Ce chiffre de 19% équivaut à 1696 heures [61] de fonctionnement à puissance maximale sur l’année. Autrement dit, la filière éolienne française a produit en 2008 autant d’électricité en 8 760 heures que si elle avait fonctionné à 100 % de sa puissance maximale durant 1 700 heures, et pas fonctionné du tout durant les quelque 7 000 heures restantes [62].
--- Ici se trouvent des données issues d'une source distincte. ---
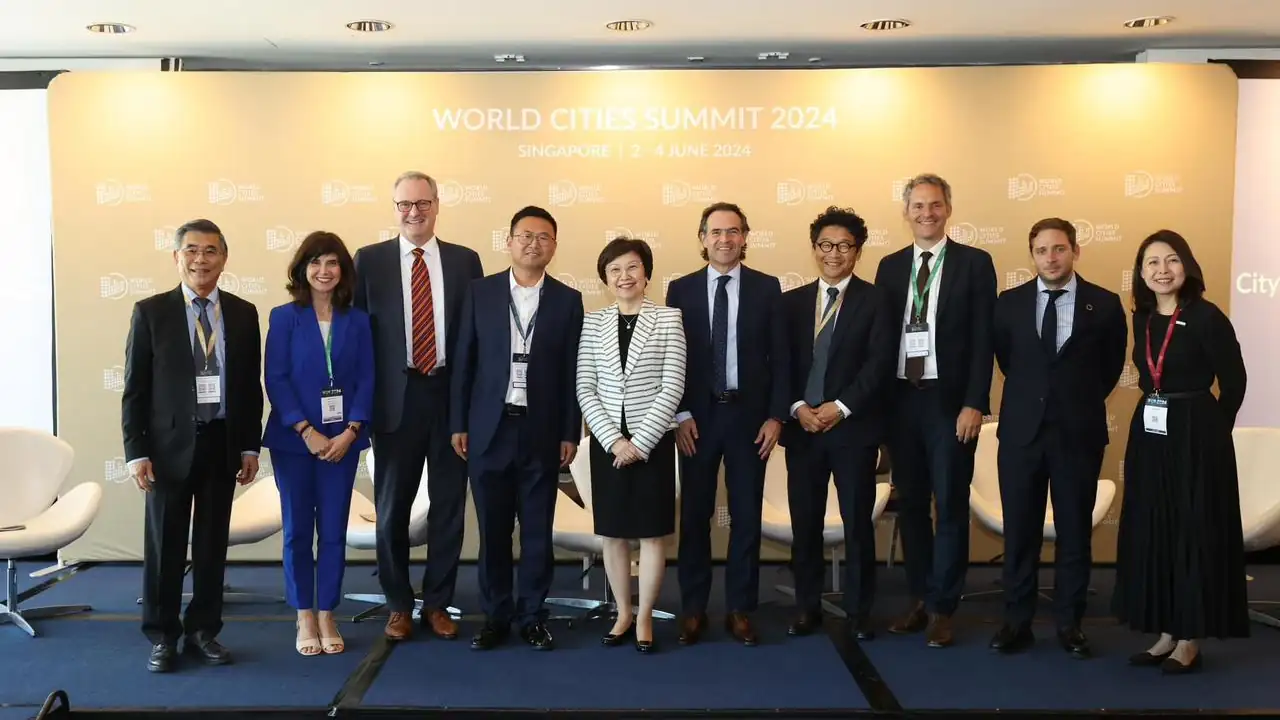 -Federico-Gutierrez-alcalde-de-Medellin-esta-participando-en-la-Cumbre-Mundial-de-las-Ciudades-en-Singapur.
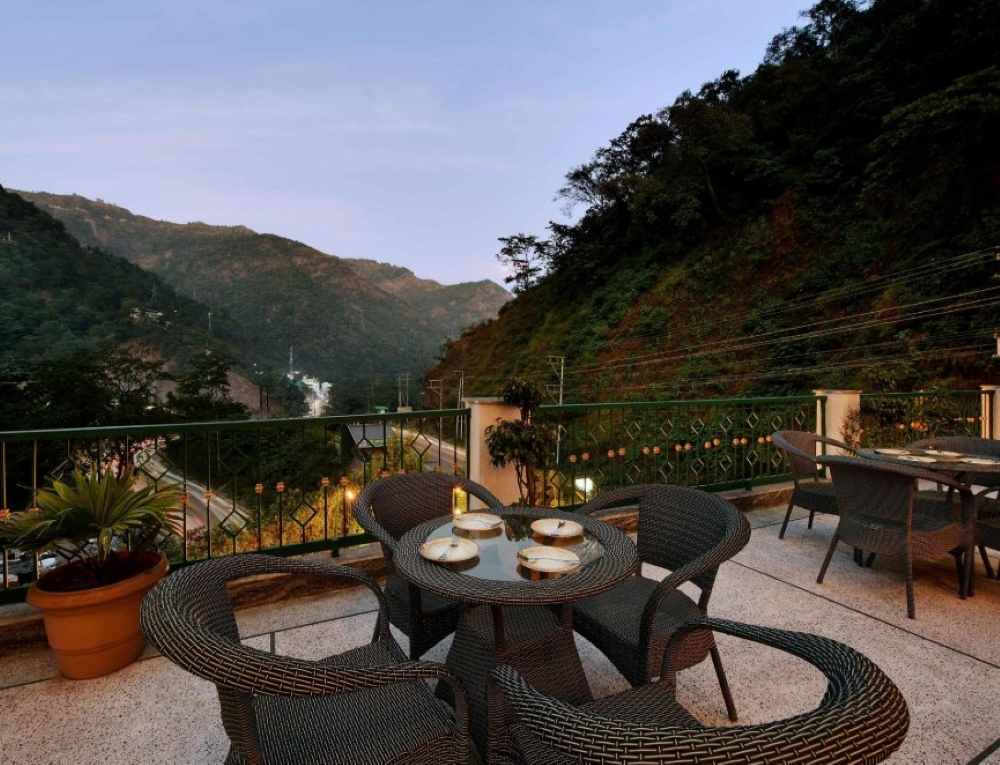 tiaraa-lite-hotel-rishikesh-roof-sitout-area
Ce facteur de capacité, pris isolément, ne veut cependant pas dire grand chose si on ne le rapporte pas aux facteurs de charge des autres modes de production de l’électricité. C’est à ce moment précis que le Réseau sort généralement son sifflet : halte, ce genre de comparaison émane le plus souvent des pro-nucléaires ! Or, contrairement au Réseau, nous n’avons aucune illusion à vendre sur quoi que ce soit. On se permettra donc de signaler à titre indicatif les autres facteurs de charge : l’électronucléaire, on l’a vu précédemment, « fonctionne », avec le bonheur que l’on sait, à environ 75 % de puissance maximale ; les centrales à charbon entre 30 et 60 % ; l’hydroélectricité des lacs de barrage, quant à elle, autour de 40% [63]. Un facteur de capacité de 20% sur l’année signifie, toujours en moyenne, 80 % de non utilisation de la puissance installée, donc une surcapacité de 80 % (ou 70 % en prenant le chiffre du Réseau). Du point de vue de la surcapacité, donc, l’éolien « surpasse », si l’on peut dire, les autres modes de production de l’électricité...

Nous devons pourtant parer à une objection : ne serait-il pas possible d’améliorer ce désespérant facteur de capacité ? On peut en effet prévoir que la puissance unitaire des éoliennes, « progrès » technologique aidant, continuera d’augmenter : 5 MW [64], pourquoi pas plus dans les prochaines années. Ces éoliennes plus puissantes produiraient donc, en valeur absolue, davantage d’électricité que les éoliennes actuelles de 2 MW. Mais pour autant le facteur lui-même, rapportant une production plus importante à une puissance plus importante dans les mêmes proportions, demeurerait inchangé. La proportion d’électricité produite, si l’on veut, resterait la même. Ce qu’il faudrait pouvoir améliorer, en réalité, c’est le vent... et malheureusement pour les zélateurs de l’éolien, l’augmentation du nombre des tempêtes dont le réchauffement climatique nous gratifie (entre autres événements extrêmes) n’est pas du tout favorable, les éoliennes se mettant « en sécurité » à partir d’une certaine vitesse de vent. Conscients des pauvres perspectives offertes à très court terme par la « recherche scientifique » dans le domaine de l’amélioration du vent, les citoyennistes et en particulier le Réseau [65] se rabattent logiquement sur une autre variable : le nombre d’éoliennes. L’accroissement en volume du parc éolien permettrait en effet - du moins en apparence – de compenser la faiblesse du facteur de charge. Avec une certaine habileté, cependant, ils se gardent bien de chiffrer le nombre d’éoliennes qui leur conviendrait, se cantonnant à « beaucoup plus » ou même « assez ». [66]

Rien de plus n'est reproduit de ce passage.